La protesta, esplosa per rincari di 7,6 centesimi sul diesel e 3,9 centesimi sulla benzina, si è trasformata in una rivolta fiscale, con un’agenda sempre più ampia (ed eterogenea) di rivendicazioni. Per farsene un’idea, basta dare un occhio alla replica del movimento alla moratoria del governo sul caro carburanti: «Vogliamo gli stati generali della fiscalità e la rivalutazione degli stipendi, oltre a un vero elettroshock politico sulla rappresentatività» ha dichiarato Benjamin Cauchy, uno dei portavoce del movimento, aggiungendo che i gilet gialli non si sarebbero «addormentati» alla prima resa del governo. È stato di parola. Il gruppo ha respinto l’offerta di Macron ed è pronto a scendere di nuovo in piazza il prossimo sabato. gilet gialli

Il dualismo fragile tra città e province
Che la protesta dei gilet gialli non riguardasse solo il carburante o la marginalizzazione delle province era chiaro sin da subito. Alternative Economiques, un magazine economico francese, ha pubblicato un’analisi sulla «illusione» di una Francia spaccata a metà fra città e periferie, èlite e popolo martoriato dalle imposte. L’articolo sottolinea, ad esempio, che il reddito medio è più alto nelle zone periurbane rispetto a quello registrato complessivamente nelle città (20.975 euro contro 19.887 euro), contestando la narrazione di un «riscatto degli ultimi» rispetto alla popolazione upper class. Lo stesso problema della distanza fra Parigi e gli angoli remoti del paese si ridimensiona se si considera che uno dei focolai della protesta è Ile-de-France, la regione che ospita al suo interno proprio la capitale (e vanta il reddito più alto su scala nazionale: 3.324 euro mensili netti, contro i 2.250 euro della media francese). È ovvio che ci sono cause più profonde. La battaglia sulle accise dei carburanti si è allargata in una battaglia generale che ricalca i capisaldi di quasi tutte le forze populiste, attingendo a destra e a sinistra. Come ha scritto Laurent Joffrin, direttore del quotidiano Libération, il movimento sembra più che altro un «magma» dove si fonde di tutto: rivendicazioni per un salario minimo elevato del 15% e proteste per l’assenza di infrastrutture, ripristino della impôt de solidarité sur la fortune (la “tassa sui ricchi” abolita nel 2016 e rimpiazzata dall’imposta sul patrimonio immobiliare di Macron nel 2018) o tagli trasversali alle imposte. Non sorprende che la moratoria del governo sui rincari sia stata accolta con freddezza, come un atto dovuto. La protesta dei gilet gialli, a quanto assicurano i leader del movimento, è appena iniziata.

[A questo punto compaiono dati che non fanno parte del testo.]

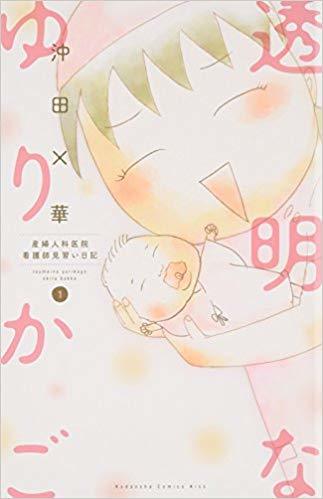 漫改剧《透明的摇篮》海报公布 清原果耶超可爱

Una primavera «francese» veicolata da Facebook
Il dissenso è alimentato soprattutto dai social network, megafono collaudato dei movimenti di piazza. Una rivolta coordinata via social soprattutto su Facebook. Fra le stelle digitali del momento c’è Maxime Nicolle, meglio noto come Fly Rider, manifestante che diffonde sondaggi e video delle proteste, raccogliendo sulla sua bacheca le varie anime del movimento. Fra i suoi quasi 90mila follower c’è chi invoca una protesta pacifica e chi parla di destituire Macron, dopo essersi «informati in commissariato» su come avviare le pratiche. Su altre pagine i toni si fanno più aggressivi, anche se l’argomento principale resta quasi sempre lo stesso: le tasse. Il primo ministro Eduard Philippe ha messo in chiaro che «nessuna tassa può mettere in discussione l’unità nazionale». A giudicare dalla reazioni che si rincorrono online, c’è chi non è d’accordo. Come aveva twittato già domenica Melenchon, «tutte le rivoluzioni, in Francia, iniziano come rivolte fiscali».